By 10 April 1818, General Smith's forces had taken the forts of Sinhagad and Purandar. Mountstuart Elphinstone mentions the capture of Sinhagadh in his diary entry for 13 February 1818: "The garrison contained no Marathas, but consisted of 100 Arabs, 600 Gosains, and 400 Konkani. The Killadar was a boy of eleven; the real Governor, Appajee Punt Sewra, a mean-looking Carcoon. The garrison was treated with great liberality; and, though there was much property and money in the place, the Killadar was allowed to have whatever he claimed as his own."[note 8] On 3 June 1818 Baji Rao surrendered to the British and negotiated the sum of eight lakhs as annual maintenance. Baji Rao obtained promises from the British in favor of the Jagirdars, his family, the Brahmins, and religious institutions. The Peshwa was sent to Bithur near Kanpur. While the downfall and banishment of the Peshwa was mourned all over the Maratha Empire as a national defeat, the Peshwa seemed unaffected. He contracted more marriages and spent his long life engaged in religious performances and excessive drinking.
Events in Nagpur 
Madhoji Bhonsle, also known as Appa Saheb, consolidated his power in Nagpur after the murder of his cousin, the imbecile ruler Parsoji Bhonsle. He entered into a treaty with the British on 27 May 1816. He ignored the request of the British Resident Jenkins to refrain from contact with Baji Rao II. Jenkins asked Appa Saheb to disband his growing concentration of troops and come to the residency, which he also refused to do. Appa Saheb openly declared support for the Peshwa, who was already fighting the British near Pune. As it was now clear that a battle was in the offing, Jenkins asked for reinforcements from nearby British East India Company troops. He already had about 1,500 men under Lieutenant-Colonel Hopentoun Scott. Jenkins sent word for Colonel Adams to march to Nagpur with his troops. Like other Maratha leaders, Appa Shaeb employed Arabs in his army. They were typically involved in holding fortresses. While they were known to be among the bravest of troops, they were not amenable to discipline and order. The total strength of the Marathas was about 18,000.

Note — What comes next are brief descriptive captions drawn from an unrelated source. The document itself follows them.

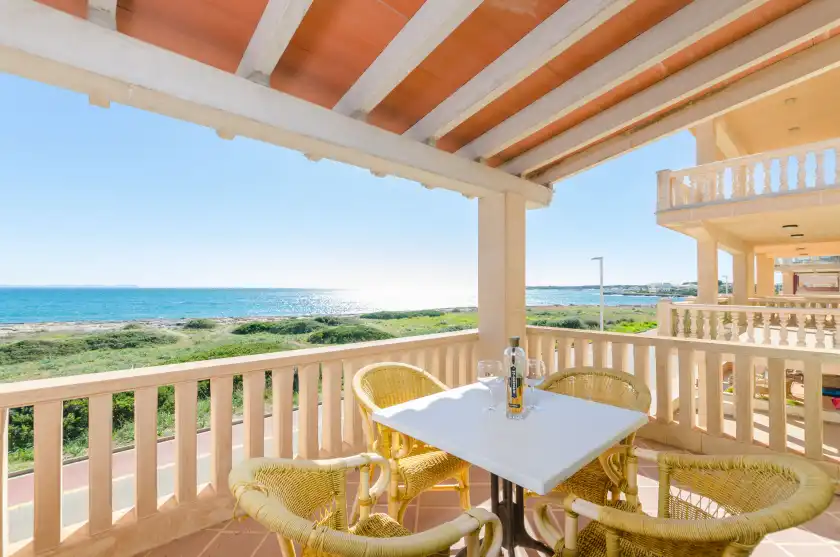 Ferienhaus auf Tintorera, sa Ràpita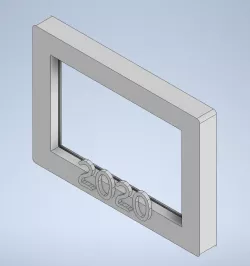 2020 Picture Frame 4x6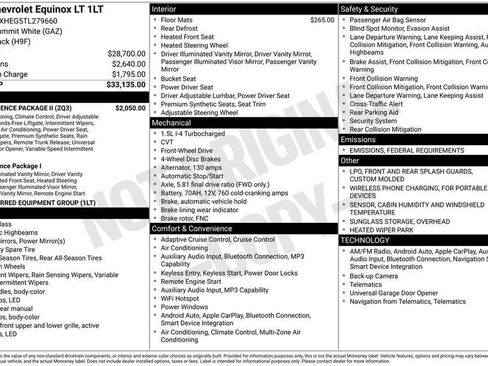 New 2026 Chevrolet Equinox LT w/ Convenience Package II image 26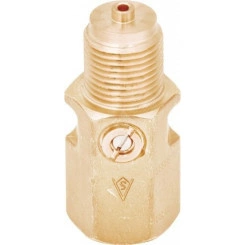 Демпфирующее устройство (дроссель) S005.10.250. М20х1.5 внутр.-М20х1.5 наруж., нерж. сталь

The Residency was to the west of the Sitabardi hill, a 300-yard (270 m) hillock running north-south. The British East India Company troops occupied the north end of the hillock. The Marathas, fighting with the Arabs, made good initial gains by charging up the hill and forcing the British to retreat to the south. British commanders began arriving with reinforcements: Lieutenant Colonel Rahan on 29 November, Major Pittman on 5 December, and Colonel Doveton on 12 December. The British counterattack was severe and Appa Saheb was forced to surrender. The British lost 300 men, of which 24 were Europeans; the Marathas lost an equal number. A treaty was signed on 9 January 1818. Appa Saheb was allowed to rule over nominal territories with several restrictions. Most of his territory, including the forts, was now controlled by the British. They built additional fortifications on Sitabardi hill.

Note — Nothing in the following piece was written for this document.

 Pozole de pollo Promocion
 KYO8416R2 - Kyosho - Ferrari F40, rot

A few days later Appa Saheb was arrested. He was being escorted to Allahabad when he escaped to Punjab to seek refuge with the Sikhs. They turned him down and he was captured once again by the British near Jodhpur. Raja Mansingh of Jodhpur stood surety for him and he remained in Jodhpur, where he died on 15 July 1849 at 44 years of age.
Subjugation of Holkar 
Holkar was offered terms similar to those offered to Shinde; the only difference was that Holkar accepted and respected the independence of Amir Khan. The Court of Holkar was at this time practically nonexistent. When Tantia Jog, an official of the Holkar, urged acceptance of the offer he was suspected of being in collusion with the British. In reality he made the suggestion because he was aware of the power of the British as he had seen their armies in action when he had commanded a battalion in the past. Holkar responded to the Peshwa's call for insurrection against the British by initiating a battle in Mahidpur.

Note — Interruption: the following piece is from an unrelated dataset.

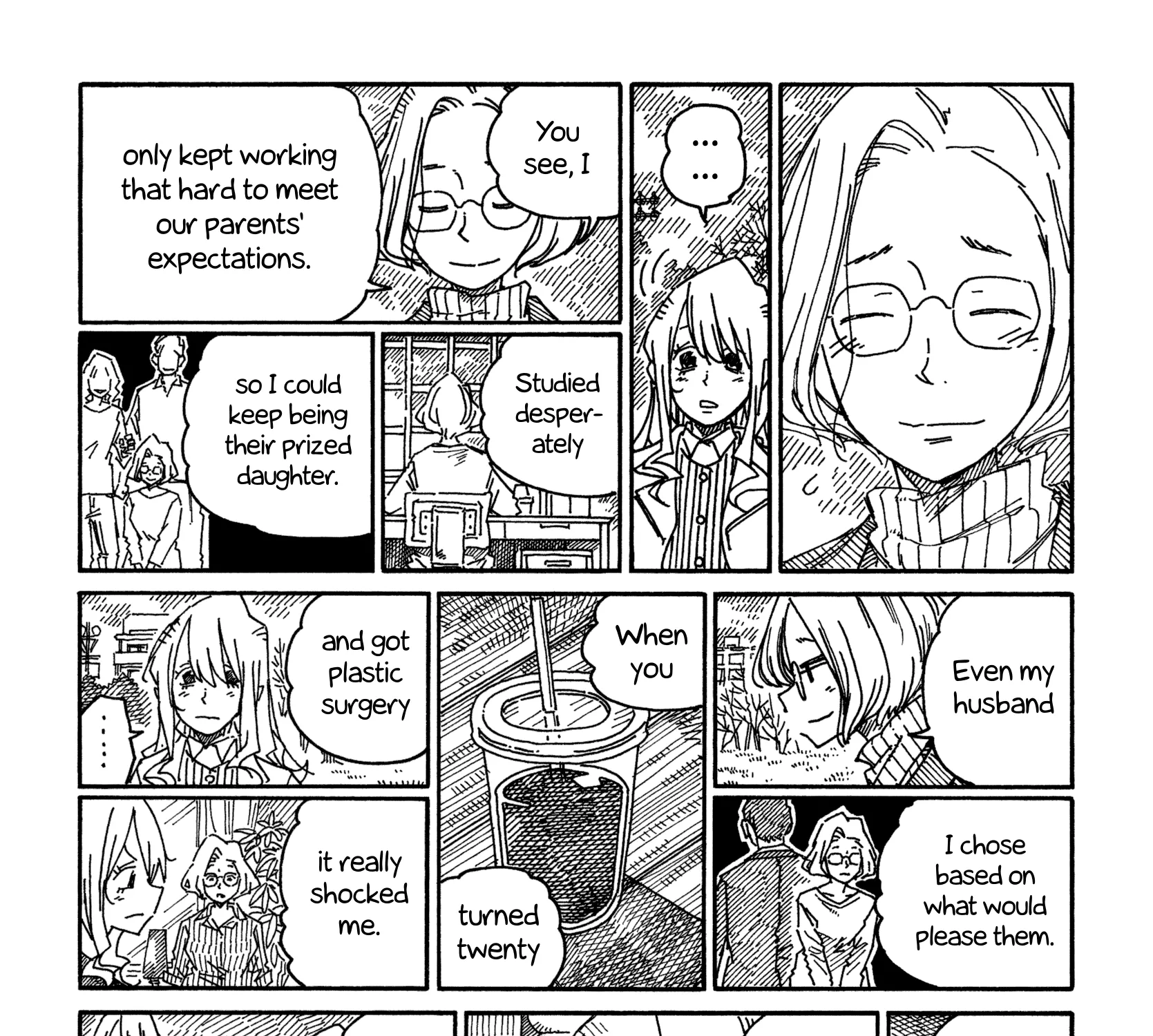 Hatarakanai Futari Zinmanga X Chapter 1231.2 Page 9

The battle of Mahidpur between Holkar and the British was fought on 21 December 1817. The charge on the British side was led by Malcolm himself. A deadly battle ensued lasting from midday until 3:00 am. Lieutenant General Thomas Hislop was commander in chief of the Madras army. Hislop came in sight of the Holkar army about 9:00 am. The British East India Company's army lost 800 men but Holkar's force was destroyed. The British East India Company's losses were 800 killed or wounded but Holkar's loss was much larger with about 3,000 killed or wounded. These losses meant Holkar was deprived of any means of rising in arms against the British, and this broke the power of the Holkar dynasty. The battle of Mahidpur proved disastrous for the Maratha fortunes. Henry Durand wrote, "After the battle of Mahidpur not only the Peshwa's but the real influence of the Mahratta States of Holkar and Shinde were dissolved and replaced by British supremacy." Although the power of the Holkar family was broken, the remaining troops remained hostile and a division was retained to disperse them. The ministers made overtures of peace, and on 6 January 1818 the Treaty of Mandeswar was signed; Holkar accepted the British terms in totality. Holkar came under British authority as an independent prince subject to the advice of a British Resident.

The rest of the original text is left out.